Circuit Court of Appeals, Third Circuit.
June 20, 1928.
No. 3797.
Intoxicating liquors <§=>71 — Refusal of application for increased withdrawal of denatured alcohol sold single customer, whose connection with applicant was not satisfactorily explained, was authorized.
Under evidence which showed that entire product of drug company having permit to sell denatured alcohol was sold to single purchaser, described as selling agent, Commissioner had authority to decline increase in withdrawals, where evidence as to connection between applicant and customer was not satisfactory.
Appeal from the District Court of the United States for the Eastern District of Pennsylvania; William H. Kirkpatrick, Judge.
Application by the Solax Drug Company, Inc., for an increased allowance under permit for the use of denatured aieohol.

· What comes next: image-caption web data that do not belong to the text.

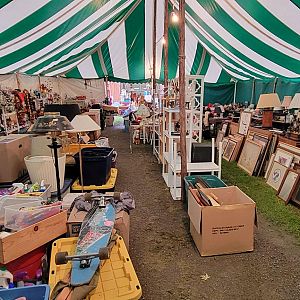 Yard sale photo in Marion, NY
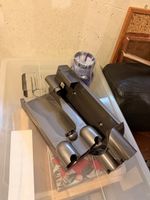 Dyson Aufsätze und Batterie 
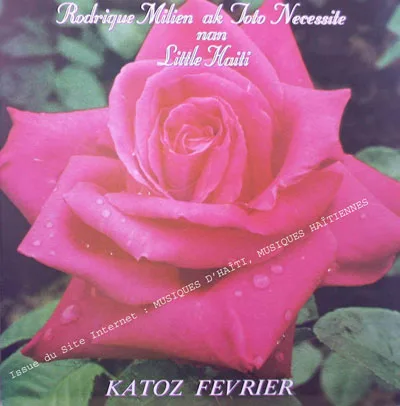 Pochette de « Katoz Fevrier » (Coumbite Créole)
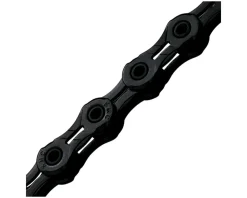 KMC Chains & Accessories|DLC Waxed Chain (Black) (11 Speed) (118 Links)
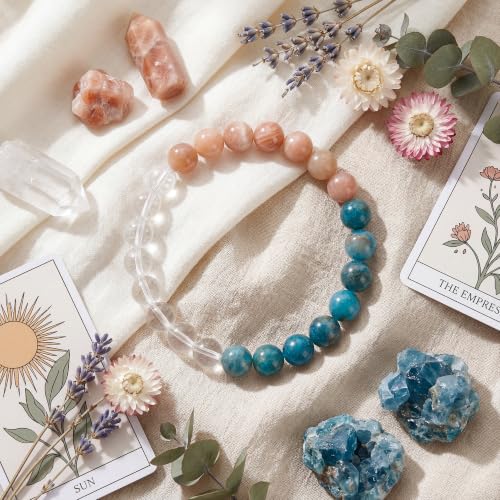Image of Bivei Protection Crystal Healing Bracelet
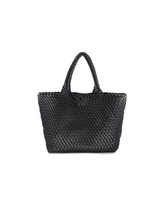 BC Woven Tote Double Strap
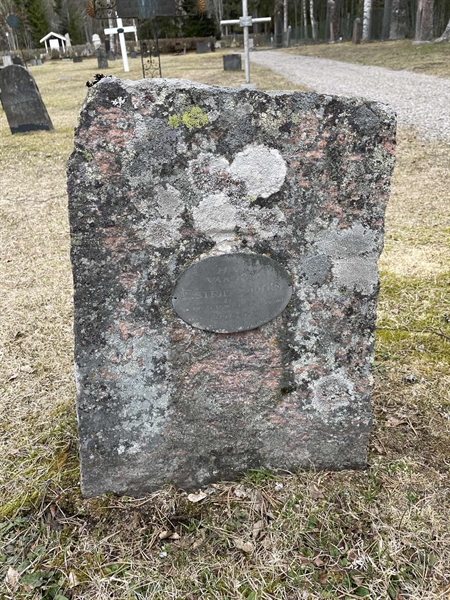 Grave number: R 3   125-E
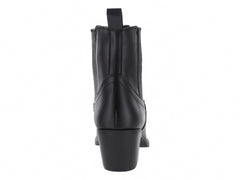 Botines Salamandra Negro para Mujer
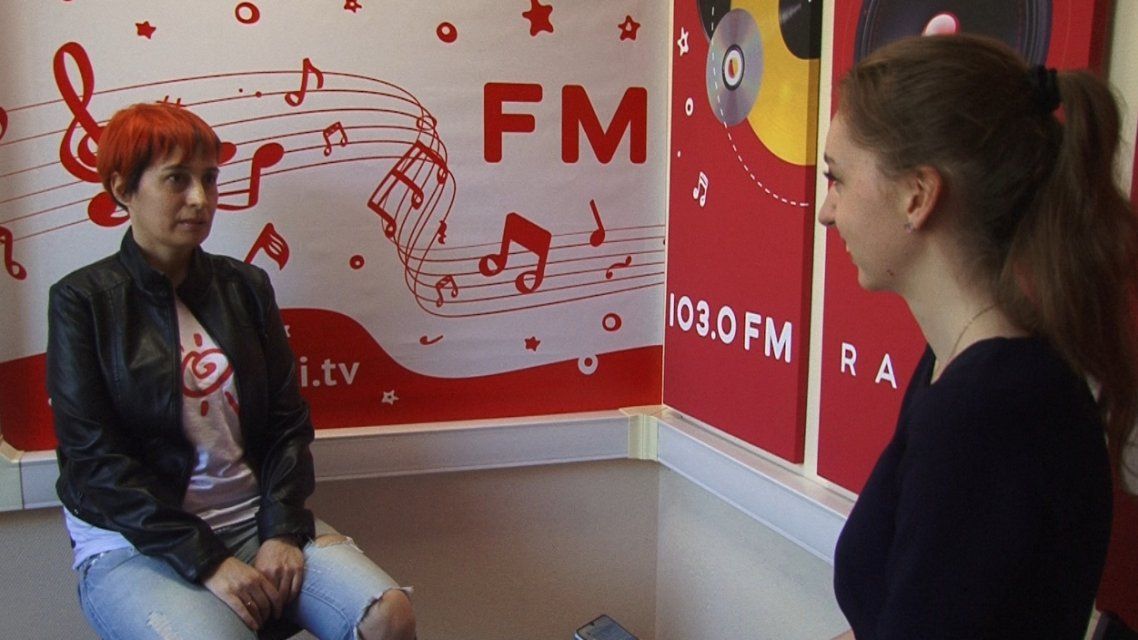 О творчестве группы "Навстречу солнцу" - завтра в программе "Интервью"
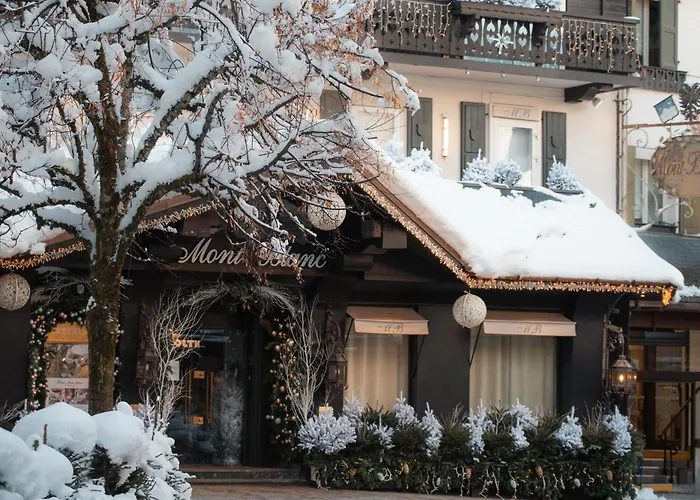 Hotel Mont Blanc Megève
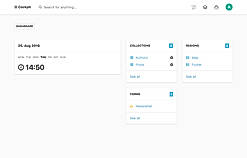 Dashboard screenshot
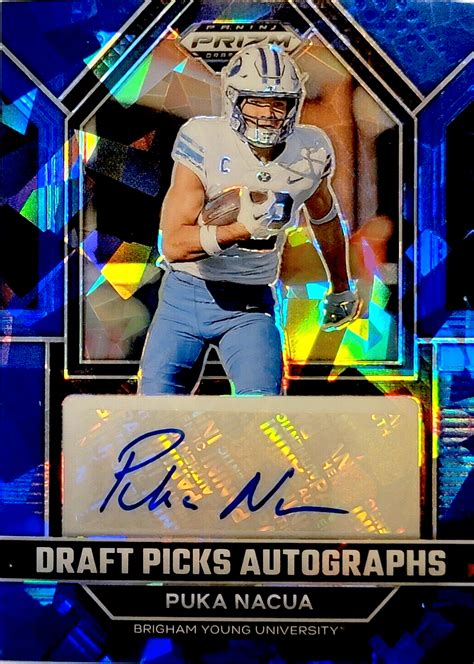 NFL Future Watch: Puka Nacua Football Cards, LA Rams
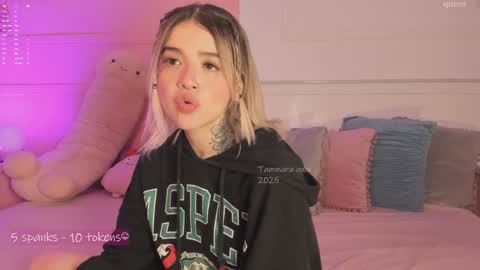 _tammarra_ online show from September 2025 08:42:02 PM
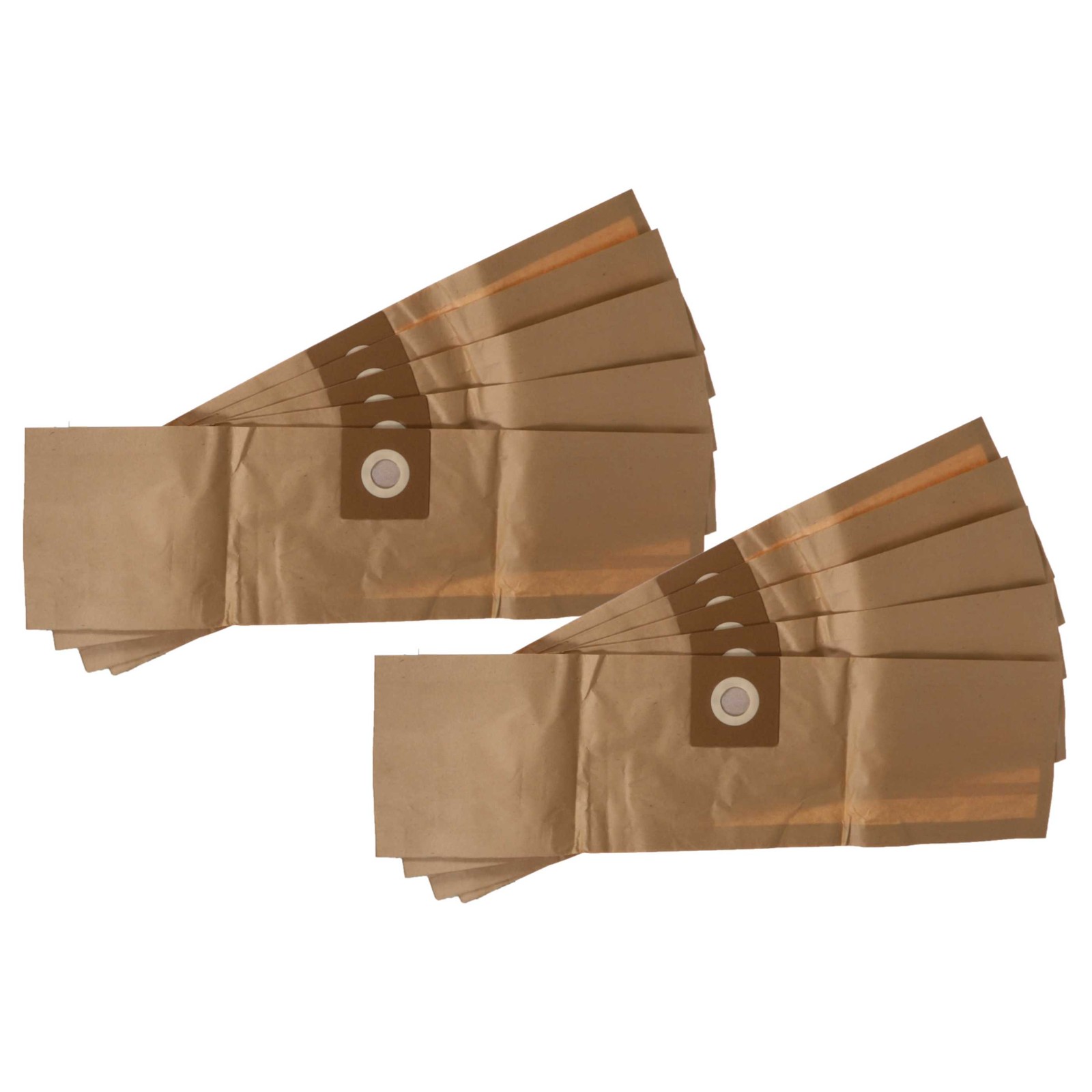 10 Hoover Dust Bags for Kärcher NT 501 NT 551 Paper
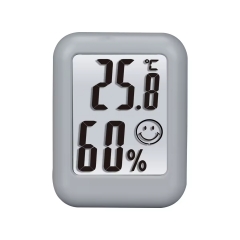HTC-3-A Digital Indoor Thermometer and Hygrometer Monitor for Inside Temperature and Humidity Measurements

The application was refused by James M. Doran, Prohibition Commissioner, whose action was approved by the District Court, and applicant appeals.
Affirmed.
Michael Serody and Benjamin M. Golder, both of Philadelphia,, Pa., for appellant.
Warren C. Graham, Howard Benton Lewis, and Richard Hay Woolsey, all of Philadelphia, Pa., for appellees.
Before BUFFINGTON, WOOLLEY, and DAVIS, Circuit Judges.
[MAJORITY — PER CURIAM.]
PER CURIAM.
This ease brings for review the dismissal by the court below of a bill in equity, brought to reverse the action of the Prohibition Commissioner, who disapproved the application -of the Solax Drug Company, Inc., a permit holder, for an increase from 3,500 to 8,500 gallons per month. After such refusal by the Commissioner, a hearing was had, wherein proofs were taken, and the Commissioner’s action was approved. The alleged errors center around questions of fact, which were summarized in the opinion of the court below, viz.:
“It is, of course, obvious that, where a permittee’s entire product is and always has been sold to a single purchaser, whom the permittee, describes as its selling agent, the situation is open to the suspicion that the permittee is simply selling to itself and using the fiction of a demand from its customer as a basis for attempting to increase its permitted withdrawals. This was the construction which the Commissioner placed upon the situation presented to him by this application.
“It is not unreasonable, where the circumstances are such as disclosed by this record, for the Commissioner to require the applicant to present full information as to the person with whom he is doing and proposes to continue to do business as his sole customer, and to require him to explicitly define the exact nature of the connection between him and his customer. The evidence actually presented to the Commissioner in this case upon these points is unsatisfactory.”
Finding no error on the part of the court below, its decree of dismissal is affirmed.